Lagos Matters
Ambode, Duke Demand More Funds For Lagos To Save Nigeria
Lagos State Governor, Mr. Akinwunmi Ambode and former governor of Cross River State, Mr. Donald Duke on Thursday raised alarm over the danger of abandoning Lagos State to shoulder the developmental challenges posed by incessant migration from all parts of the country alone.
Warning that the continued expansion of the 24 million population within a territorial land mass of 923, 773 square kilometres is leading to huge infrastructural deficit that federal allocations and internally generated revenue have not addressed, both urged State Governments to create productive economies to stem the drift to Lagos.
Duke spoke as the guest speaker at the LEADERSHIP 2017 Annual Conference and Awards Ceremony, organized by the Leadership Newspapers at the International Conference Centre, Abuja, where Lagos State Governor Akinwunmi Ambode, represented by the Commissioner for Information and Strategy, Mr. Kehinde Bamigbetan received the Governor of the Year Award.
Noting that the N1.4trillion budget of the State for 2018 was too meager to fund needed infrastructures, Duke said, “the leadership at the State and Federal level must recognize that a State that contributes more than 50 percent of the Gross Domestic Product and majority of industrial activity needs urgent support.”
Accepting the awards on behalf of the Governor, Lagos State Commissioner for Information and Strategy, Mr. Kehinde Bamigbetan adopted the positions canvassed by Duke while dedicating the awards to Lagosians for working with the Ambode administration for better governance.
“Governor Ambode’s determination to put his expertise and experience at the service of the people to ensure continuous infrastructure and human development as well as sustain the economic growth of the State is not in doubt. That is his social contract with the people which he is totally committed to fulfilling,” he said.
Earlier, while declaring the Conference open, Vice President, Professor Yemi Osinbajo advocated that States must operate as if they are countries by drawing inspiration from the Western Region which executed landmark projects and programmes in the First Republic.
He said the giant strides of Lagos State since the administration of former Governor Bola Tinubu which planned the re-development of Lagos on aggressive internally generated revenue has demonstrated the importance of taxation to the provision of infrastructures.
Welcoming guests and awardees, the Chairman of Leadership Newspapers, Mr. Sam Nda-Isaiah urged Governors to act as the Chief Executive Officers of companies who must make profits for their firms to keep their jobs.
“The days when States would go cap in hand every month to the Federal Government will soon be over because the Federal Government itself will be too busy struggling to solve its own federal problems. The good news is that every State in Nigeria can survive as a rich entity, with a little imagination from its leaders,” Nda-Isaiah said.
Nda-Isaiah postulated that, perhaps, it might take the states to suffer some hard times in order to come to terms with the new reality.

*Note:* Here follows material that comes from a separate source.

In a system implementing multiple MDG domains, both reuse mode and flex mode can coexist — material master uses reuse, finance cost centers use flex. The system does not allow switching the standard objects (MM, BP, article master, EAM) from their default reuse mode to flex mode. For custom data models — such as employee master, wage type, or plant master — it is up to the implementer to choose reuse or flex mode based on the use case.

“Lagos State found out the hard way that it could earn much more than its monthly allocations from Abuja when the then President Olusegun Obasanjo illegally impounded the monthly allocations of its local governments for selfish reasons.

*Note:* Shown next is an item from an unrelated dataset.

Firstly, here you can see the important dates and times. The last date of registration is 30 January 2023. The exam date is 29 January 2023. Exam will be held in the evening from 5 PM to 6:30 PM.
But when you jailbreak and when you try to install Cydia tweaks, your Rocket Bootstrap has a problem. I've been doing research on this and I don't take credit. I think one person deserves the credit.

“That was when the governor then, Bola Tinubu, knew the real definition of IGR. Since then, the State has not looked back,’’ he said.
He further averred that States needed to develop their own proprietary methods of boosting their IGR, noting that Lagos chose corporate taxes because that was where its advantages lay.
“It could be abundant mineral resources for some, and yet for others, it could be massive land resources. Any state government that gives the impression that it is waiting for a constitution amendment before it can take advantage of the state’s mineral resources is simply dumb.
“State Governments can apply to the Federal Government for mining leases in their states and simply become mineral-rich. The problem is that no state has been able to do this. Some states are succeeding with agriculture, especially rice cultivation using the CBN intervention funds. It is the same logic”, Nda-Isaiah said.